Multisystem Dysregulation and Bone Strength: Findings From the Study of Midlife in the United States

Abstract

Accumulated dysregulation across multiple physiological systems, or allostatic load (AL), has been proposed as the biological pathway from psychosocial adversity to poor health. The objective of the study was to examine whether AL, constructed using biomarkers and medication data from seven systems (sympathetic, parasympathetic, hypothalamic-pituitary-adrenal axis, cardiovascular regulation, inflammation, and lipid and glucose metabolism), is associated with lower bone strength in a national sample. This was a cross-sectional study. Seven hundred three community-dwelling men and women from the Study of Midlife in the United States participated in the study. Bone mineral density (BMD) was measured in the femoral neck and lumbar spine. Femoral neck BMD was combined with bone size and body size to create composite indices of femoral neck strength relative to load in three failure modes: compression, bending, and impact. In mixed-effects linear regression controlling for clustering within families and adjusted for age, gender, race/ethnicity, body mass index, menopausal transition stage, childhood socioeconomic status, adult finances, education level, and study center, each SD increment in AL score was associated with between 0.10 and 0.11 SD decrements in lumbar spine BMD and each of the three composite strength indices (all values of P < .05).
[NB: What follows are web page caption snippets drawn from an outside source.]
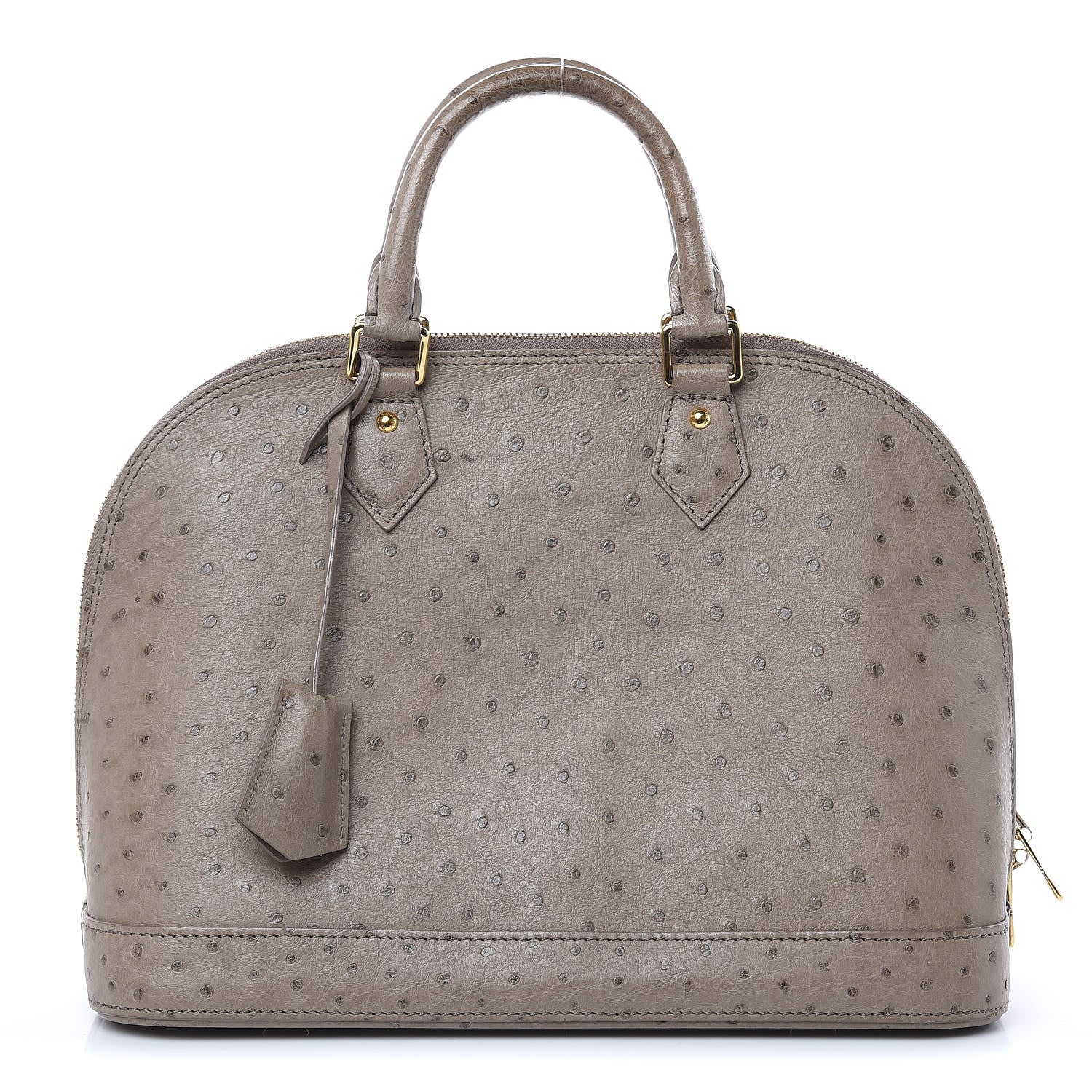 Louis Vuitton Ostrich Alma PM Gris 1 of 13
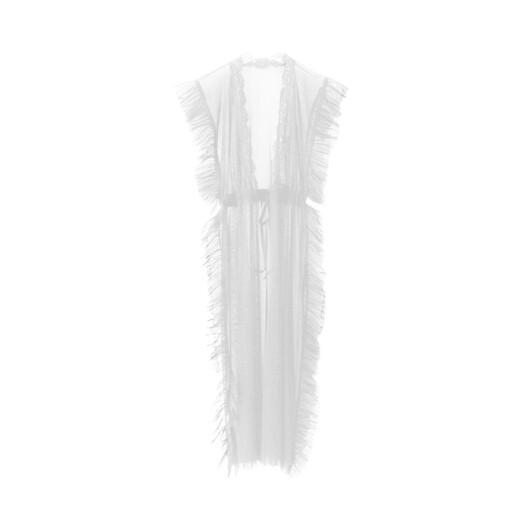 لباس خواب جلو باز بغل باز دانتل دار سایز بندی از 32 تا 62 مشکی و سفید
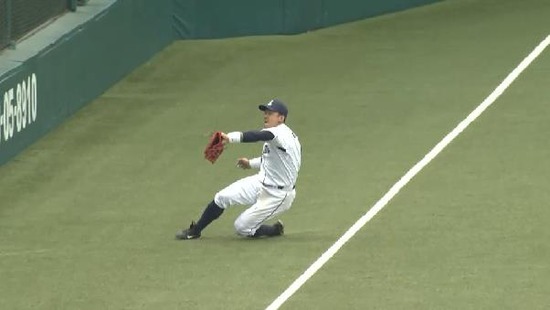 ６回表４原レフトフライ (2)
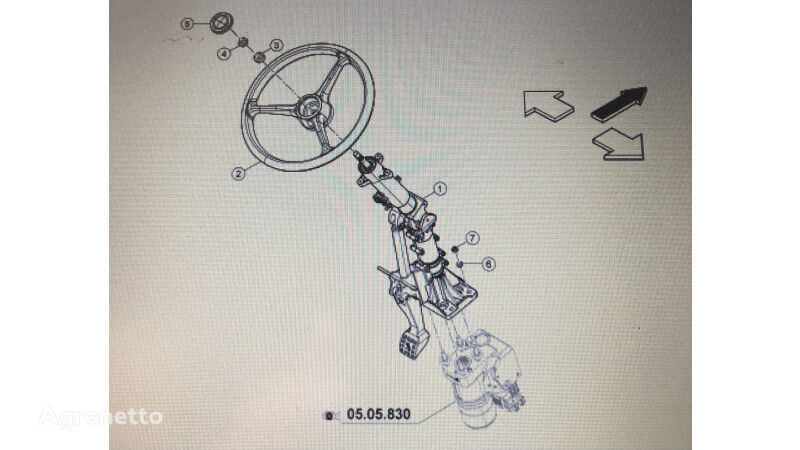 рулевая колонка Claas 00 1128 473 2/00 2622 325 0/Claas kolumna kierownicy/Claas Arion для трактора колесного Claas Arion 640 600 500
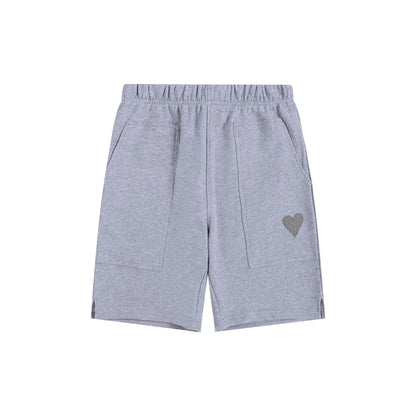 Designer Luxury Heart-Shaped Jogger Shorts for Men & Women - Buy Center - Buy Center UK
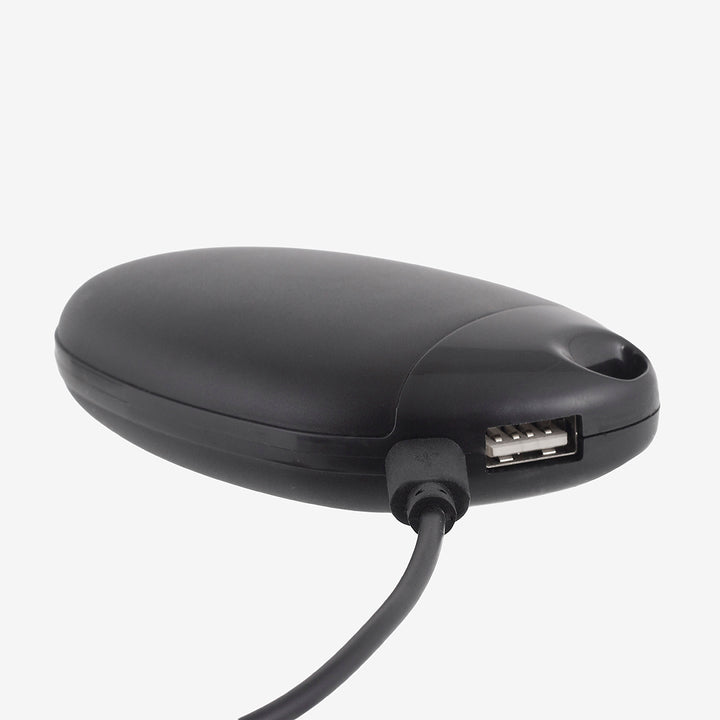 Close up view of a Genus Rechargeable Hand Warmer 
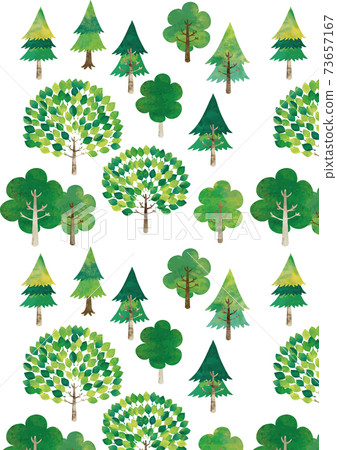 Watercolor style tree pattern vertical Watercolor style tree pattern vertical 73657167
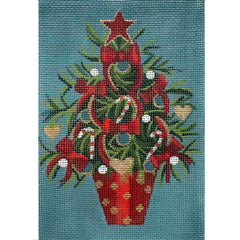 Alice Peterson Co. Red Bow Christmas Tree Needlepoint Canvas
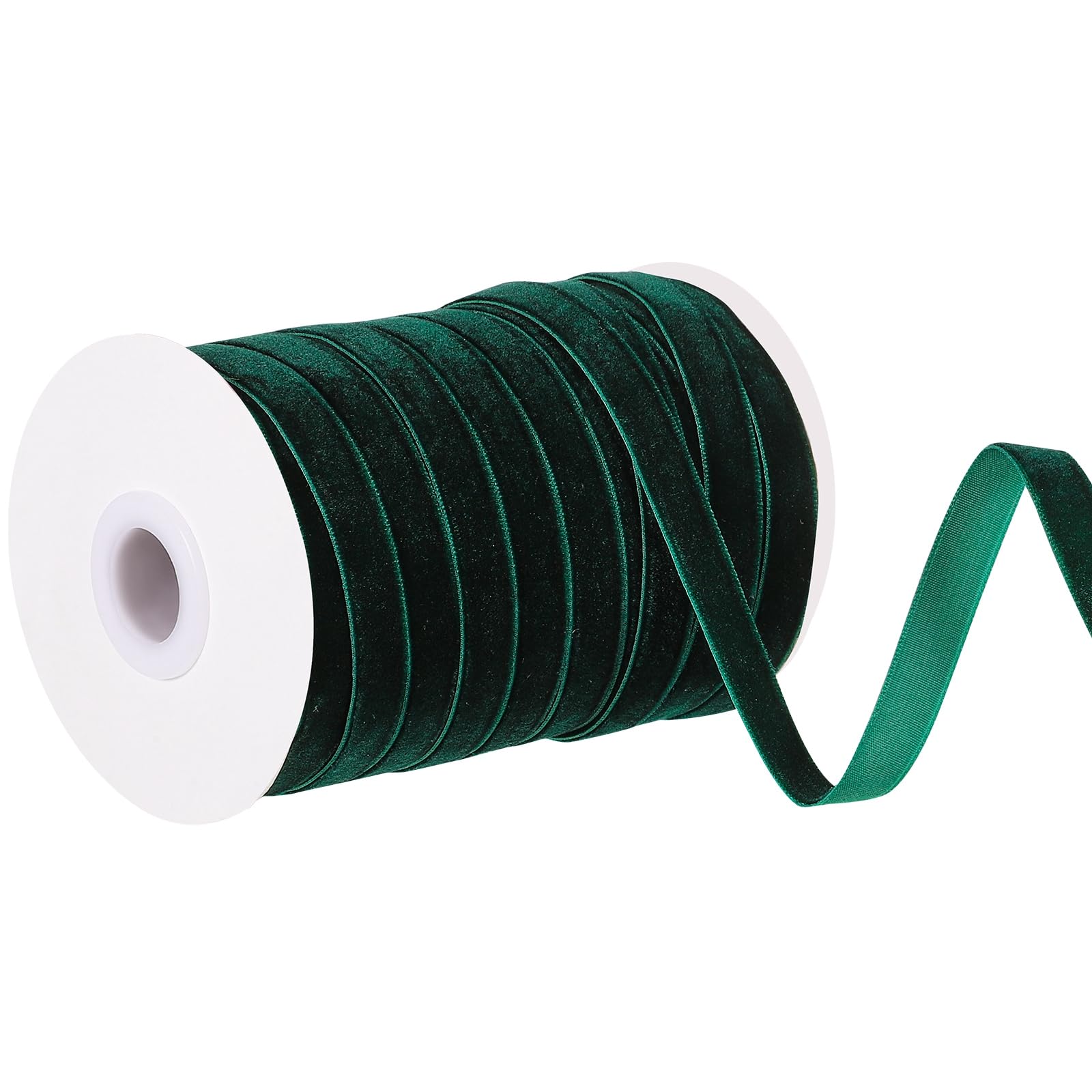 Ruban en tissu velours fin vintage vert, matériau noble pour ras du cou et coiffure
Gender modified the association of AL only with femoral neck BMD; each SD increment in AL score was associated with 0.21 SD decrement in femoral neck BMD in men (P < .01) but not in women. Accumulation of dysregulation across systems was modestly associated with lower bone strength. This study adds to the accumulating evidence that multisystem dysregulation, or AL, predicts a variety of adverse health outcomes.